Welcome to slashdot, Quaoar. I thought it would take ages for the outer solar system to get online.
Actually, the mistake about Pluto is not understood at this level. The effect it has on Neptune's orbit depends on Pluto's mass but not Neptune's mass (because, essentially, all things fall at the same rate). At the moment, the fact that Pluto was found roughly where a ninth planet was expected is considered by most astronomers to be a huge coincidence.
If these things made up the "dark matter" then it wouldn't be dark -- these objects (it might not be clear from the article) were found because they emit strongly in the infrared. In short, they can't make up the majority of the dark matter, either observationally or theoretically. Good idea, though.
That's correct, though the MACHO experiment places its best limits on much more massive objects than Jupiters; for now it is conceivable that such objects could be a significant part of the dark matter. OTOH, there is no way (without huge modifications to what we know about the early universe) to make the majority of the dark matter anything (dust, rocks, planetesimals, planets, brown dwarfs, white dwarfs, neutron stars) that are made from atoms; we now know that the atomic component of the Universe must be only a few percent of the total. So though these could be part of the dark matter, they can't be all of it.
I didn't RTFA, but a thorassic surgeon I know told me that using a waldo in lung surgery can be very useful, because the machinery can scale down your motions, making it possible to perform extremely precise, tiny cuts and stitches, etc; for some operations a waldo is indispensible, apparently. I have to admit that this doesn't have much to say about the idea of remote operation, but I, for one, will welcome our scalpel-wielding aluminum overlords when I need some surgery.
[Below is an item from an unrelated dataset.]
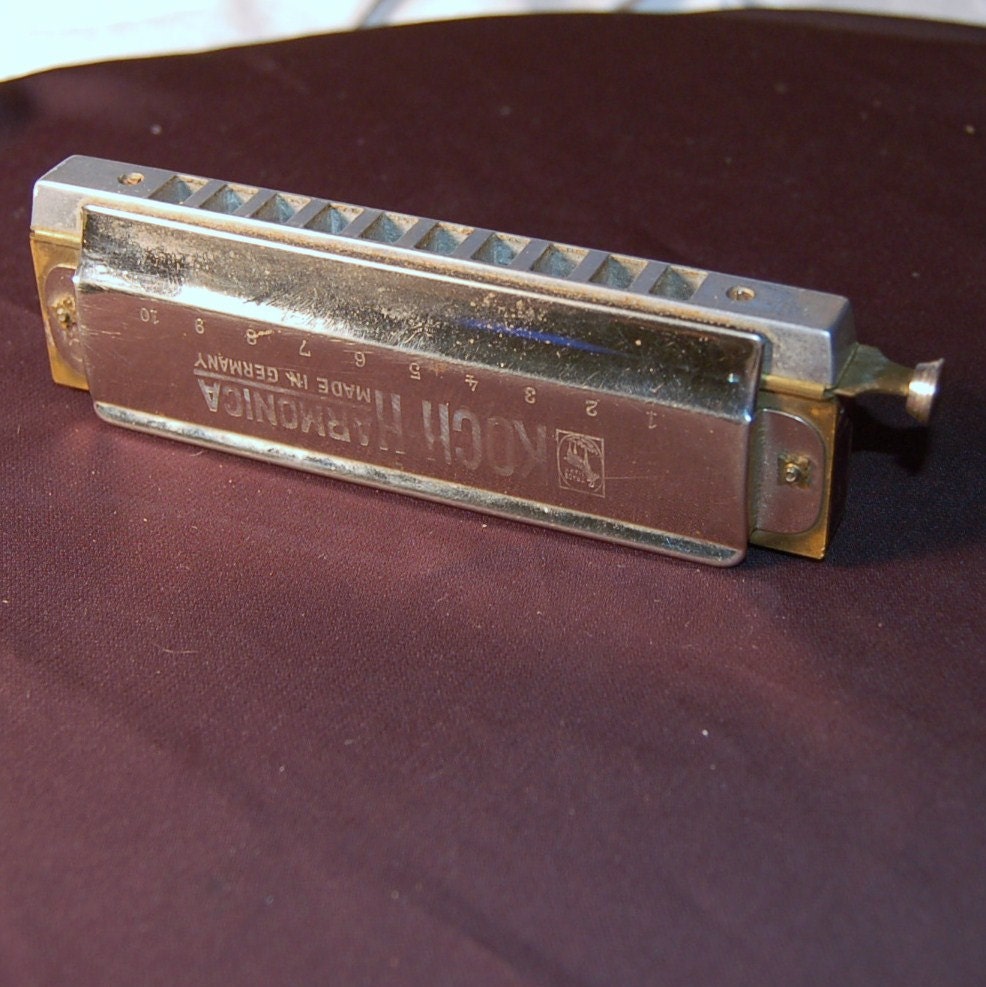 Vintage Koch Chromatic Harmonica Made In Germany Key of C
If you are more of a hardware hacker (and less of a kid), check out the handyboard, which is a robotics platform used in may robotics classes at the tertiary level. It is super flexible and fun.
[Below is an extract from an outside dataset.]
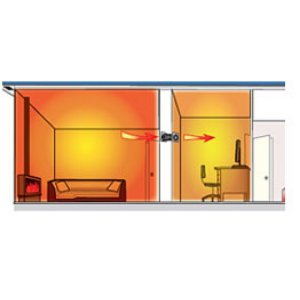 FAN0005 HEAT TRANSFER 100MM THRU-WALL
I agree -- the article says that the signal can be transmitted "over the internet" but isn't that just the same as transmitting any white noise source over the internet, without the expense of a radio observatory?
I think they are forgetting that (for some deranged part of our society), creating Linux was fun. Will translating orders for toilet paper for the Iraqi National Guard mess hall be fun too? Only if you can write your translation as a perl poem!
Celebration!? That's the best song ever recorded, bar none!
FWIW, I have had very good experiences running postgres in astronomy applications, including for of order millions of galaxies with of order hundreds of attributes in the Sloan Digital Sky Survey. For scientific applications, open-source is a must, because (a) you have to be sure that the db is doing what you think it is, (b) you have to be able to rely on support or self-maintainance into the asymptotic future, and (c) (usually) you end up having to make small customizations.
Point (b) is especially big: in the Sloan Survey early days we had a proprietary database with our only copy of some of our data; when the company went belly-up (I think is was Objectivity), our data was effectively "encrypted" in whatever proprietary internal format was used by Objectivity and we had no way to reverse-engineer it, and no-one to call.
On point (c), try calling Oracle or Microsoft and asking for customizations that astronomers want. Evidently they don't consider us an important part of their market!?